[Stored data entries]
=====

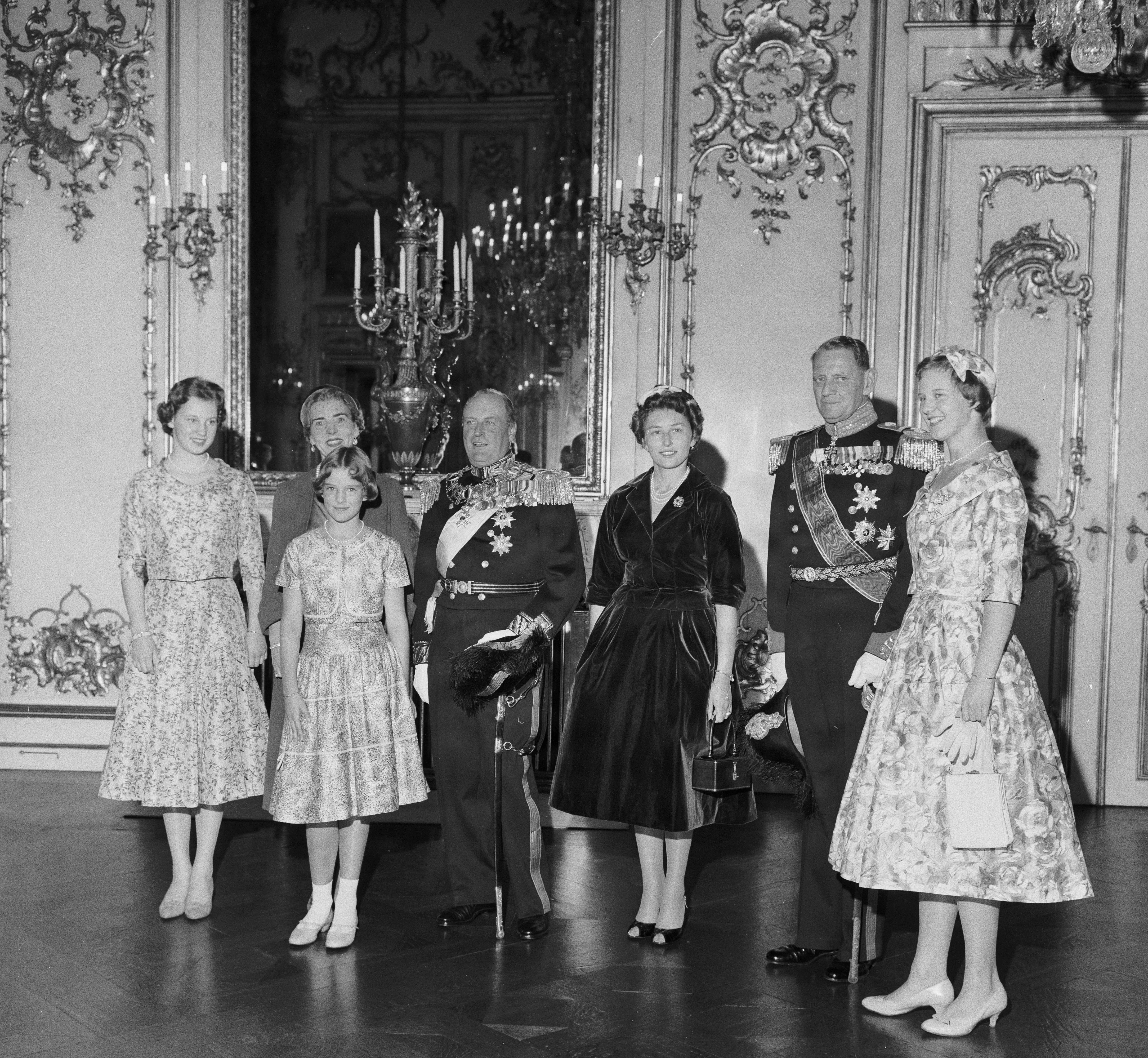 Her ses Kong Olav V af Norge og hans datter, prinsesse Astrid, på sit første officielle besøg i Danmark. Her sammen med prinsesse Benedikte, dronning Ingrid, daværende prinsesse Anne-Marie, kong Frederik og og daværende prinsesse Margrethe.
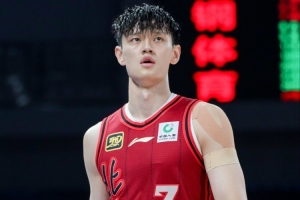 状态火热！曾凡博半场7中5高效拿下13分1助2帽 正负值+22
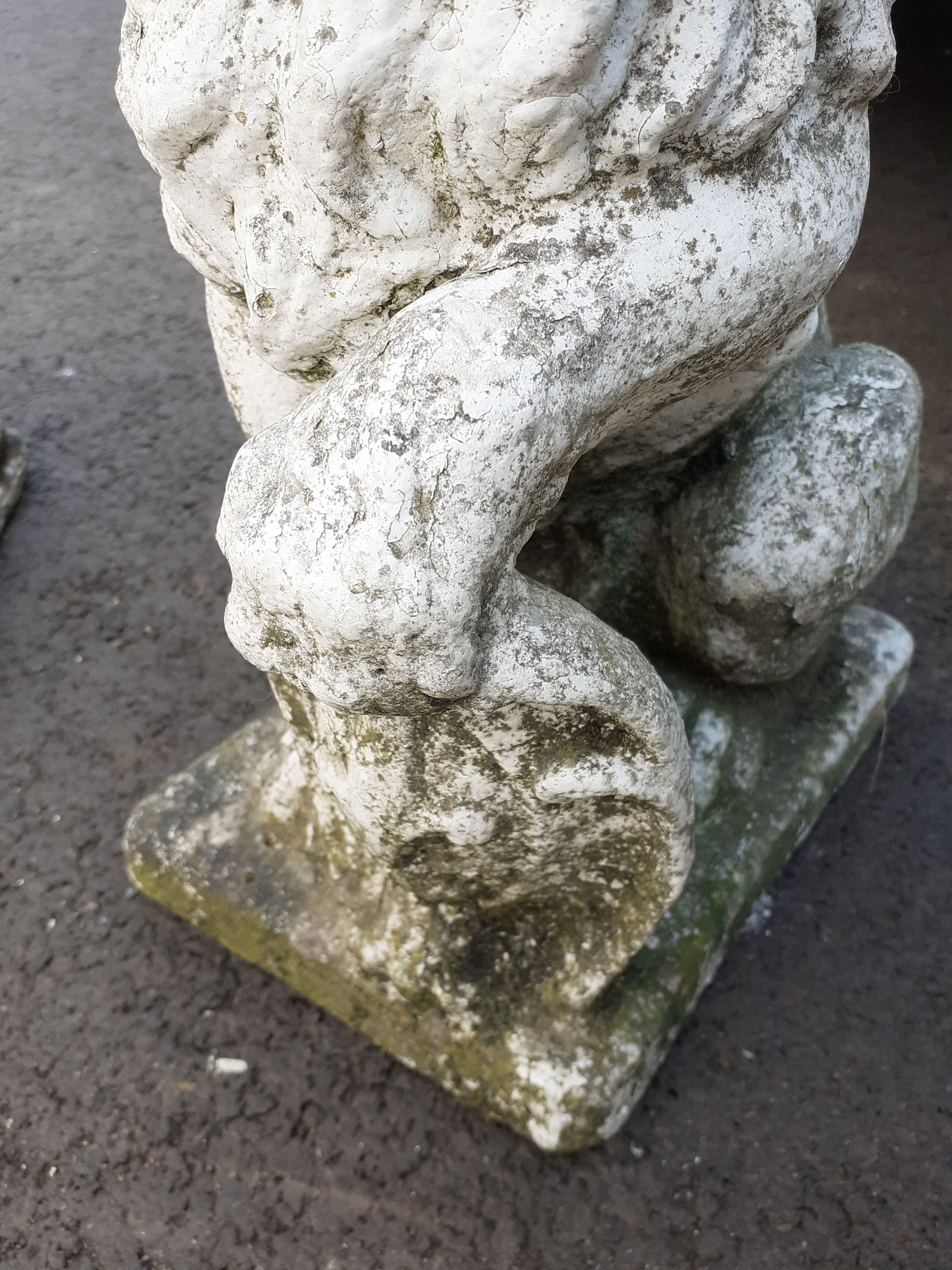 Vintage stone garden lions xxeme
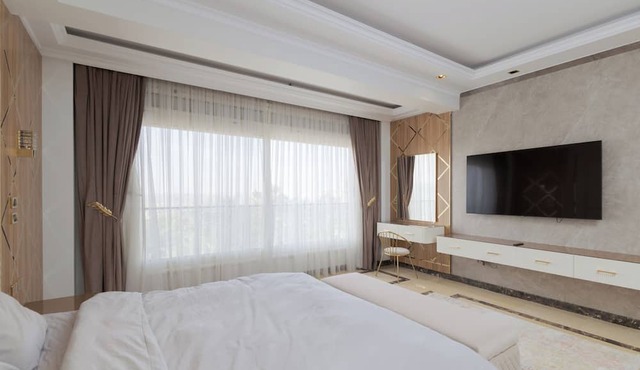 ALSAWAH Grand Palace at Sheikh Zayed - 6BR, Pool & Private Garden in 6th of October City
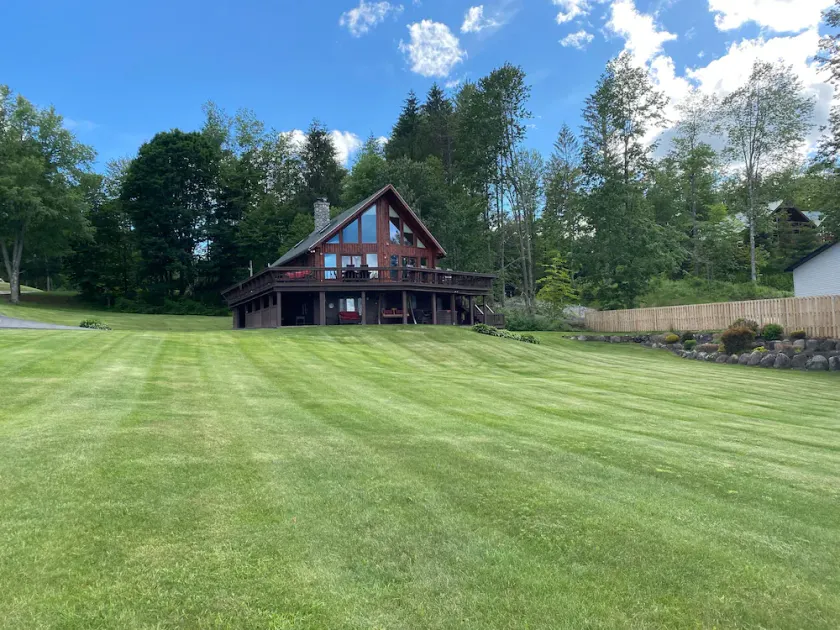 Adirondack Lakeside Lodging, Wrap Around Deck, Panoramic Lakeviews, Beach Access - Image 1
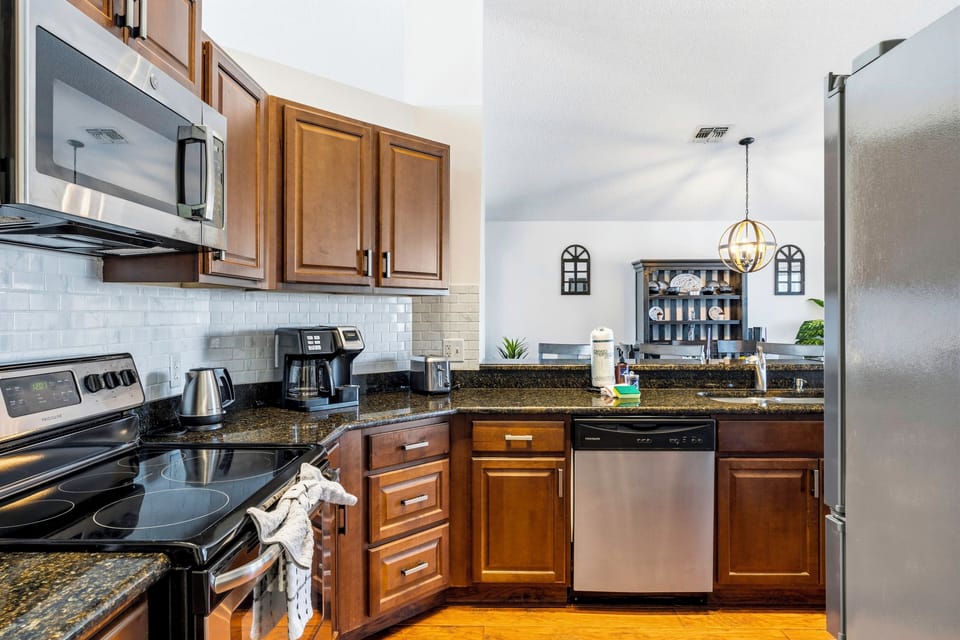 House | Private kitchen | Full-size fridge, microwave, oven, stovetop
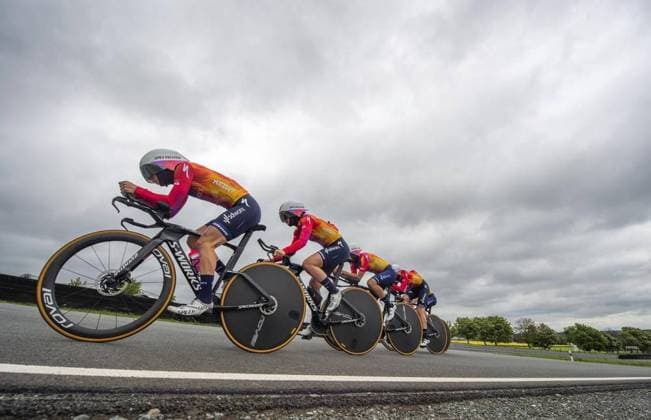 Bilder des Jahres 2023, Sport 05 Mai Sport Themen der Woche KW21 Sport Bilder des Tages RADSPORT - 35. LOTTO THÜRINGEN LADIES TOUR - . ETAPPE - RUND UM SCHLEIZ - MANNSCHAFTSZEITFAHREN *** NUR FÜR REDAKTIONELLE ZWECKE *** EDITORIAL USE ONLY ***<p>23 05 2023-Schleiz: Radsport 35. LOTTO Thüringen Ladies Tour 2023 1. Etappe - Rund um Schleiz Mannschaftszeitfahren 9,1 Kilometer im Foto: Das Team von SD Worx auf dem Kurs vom Schleizer Dreieck beim Einfahren vor dem Rennen ( Deutschland Thueringen Schleiz Copyright: SaschaxFromm *** RADSPORT 35 LOTTO THÜRINGEN LADIES TOUR ETAPPE RUND UM SCHLEIZ MANNSCHAFTSZEITFAHREN ONLY FOR EDITORIAL PURPOSES EDITORIAL USE ONLY p 23 05 2023 Schleiz Cycling 35 LOTTO Thuringia Ladies Tour 2023 1 Stage Around Schleiz Team Time Trial 9.1 kilometers in the photo The team of SD Worx on the course of the Schleizer Triangle during the run-in before the race Germany Thueringen Schleiz Copyright SaschaxFromm Copyright: SaschaxFromm doc7qbvpfsbods4s2p8465 ,EDITORIAL USE ONLY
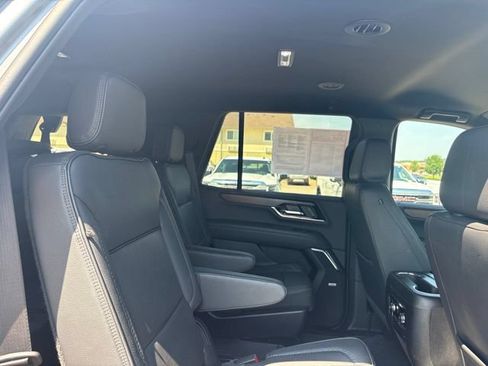 Used 2025 GMC Yukon Denali AWD/4WD image 28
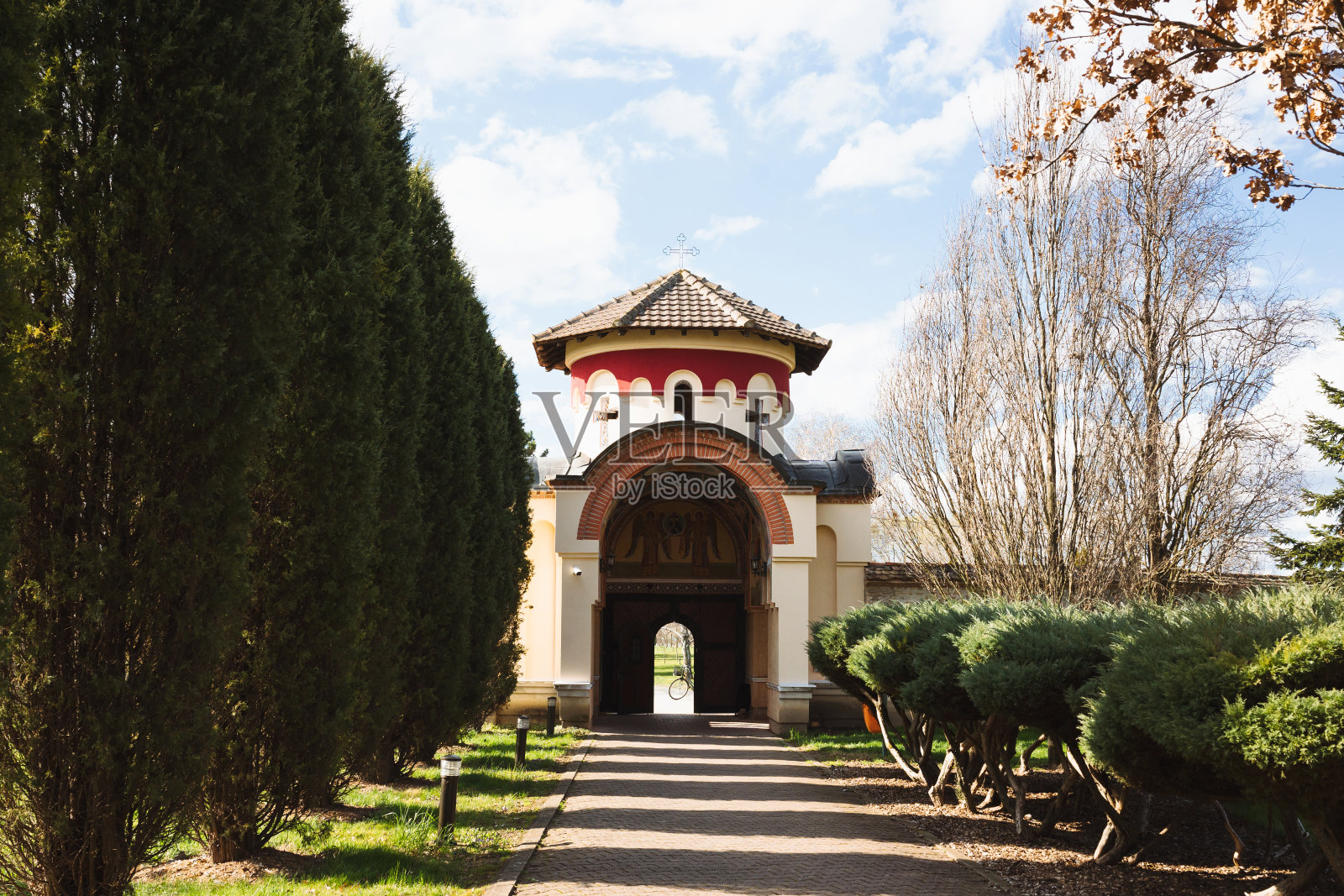 塞尔维亚东正教修道院Kovilj修道院盛开的木兰花照片摄影图片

=====

**Your instructions**:
Print the entries above exactly, taking out only the pictures.

**Answer box**:
 Her ses Kong Olav V af Norge og hans datter, prinsesse Astrid, på sit første officielle besøg i Danmark. Her sammen med prinsesse Benedikte, dronning Ingrid, daværende prinsesse Anne-Marie, kong Frederik og og daværende prinsesse Margrethe.
 状态火热！曾凡博半场7中5高效拿下13分1助2帽 正负值+22
 Vintage stone garden lions xxeme
 ALSAWAH Grand Palace at Sheikh Zayed - 6BR, Pool & Private Garden in 6th of October City
 Adirondack Lakeside Lodging, Wrap Around Deck, Panoramic Lakeviews, Beach Access - Image 1
 House | Private kitchen | Full-size fridge, microwave, oven, stovetop
 Bilder des Jahres 2023, Sport 05 Mai Sport Themen der Woche KW21 Sport Bilder des Tages RADSPORT - 35. LOTTO THÜRINGEN LADIES TOUR - . ETAPPE - RUND UM SCHLEIZ - MANNSCHAFTSZEITFAHREN *** NUR FÜR REDAKTIONELLE ZWECKE *** EDITORIAL USE ONLY ***<p>23 05 2023-Schleiz: Radsport 35. LOTTO Thüringen Ladies Tour 2023 1. Etappe - Rund um Schleiz Mannschaftszeitfahren 9,1 Kilometer im Foto: Das Team von SD Worx auf dem Kurs vom Schleizer Dreieck beim Einfahren vor dem Rennen ( Deutschland Thueringen Schleiz Copyright: SaschaxFromm *** RADSPORT 35 LOTTO THÜRINGEN LADIES TOUR ETAPPE RUND UM SCHLEIZ MANNSCHAFTSZEITFAHREN ONLY FOR EDITORIAL PURPOSES EDITORIAL USE ONLY p 23 05 2023 Schleiz Cycling 35 LOTTO Thuringia Ladies Tour 2023 1 Stage Around Schleiz Team Time Trial 9.1 kilometers in the photo The team of SD Worx on the course of the Schleizer Triangle during the run-in before the race Germany Thueringen Schleiz Copyright SaschaxFromm Copyright: SaschaxFromm doc7qbvpfsbods4s2p8465 ,EDITORIAL USE ONLY
 Used 2025 GMC Yukon Denali AWD/4WD image 28
 塞尔维亚东正教修道院Kovilj修道院盛开的木兰花照片摄影图片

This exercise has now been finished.